Based on the FAISS documentation,
HNSW does not require training and does not support removing vectors from the index.. So what happens when I remove a document from the index or remove its k-NN vector field? Does the item get removed from the HNSW graph or is it just marked as deleted and remains in the graph, taking space and compute during search? If it stays in the index, does adding and removing items in the long term start populating the graph with deleted documents and the performance keeps dropping even though the number of undeleted documents in the index is not growing as much?
And how is this whole situation for Lucene and nmslib?

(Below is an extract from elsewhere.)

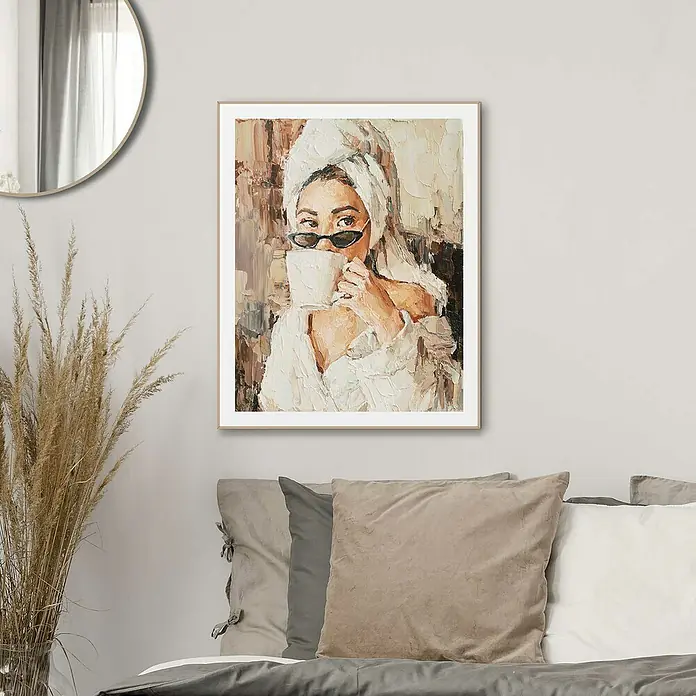 Reinders Bild Slim Frame Wood - Waking Up, B x H: 40 x 50 cm - Ein gerahmtes Gemälde einer Frau im Bademantel mit Handtuch auf dem Kopf, die eine Tasse hält, hängt über einem Bett mit Kissen.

In hnswlib v0.7, there was this new feature:
Added support for replacing the elements that were marked as delete with newly inserted elements (to control the size of the index. And there is the
allow_replace_deleted argument when creating an index that allows this (source). Is this supported by OpenSearch when using nmslib?
I couldn’t find much about Lucene but I found this article which says:
Lucene ANN transparently handles deleted documents by skipping over 'tombstones' during the graph search. I assume this means that the deleted documents are still in the graph (similar to FAISS).
What are the best settings for k-NN if I expect lots of deletion and insertion operations? What is the best practice if I want to still have the document in the index but not in the k-NN graph (so k-NN search wouldn’t return it)? Should I update the document and remove the vector field or set it to null? Does that mark it as deleted in the k-NN graph?
I think these questions also apply to updating a document’s vector. Does the previous vector stay in the graph and is there a possibility for the document being returned based on the old vector?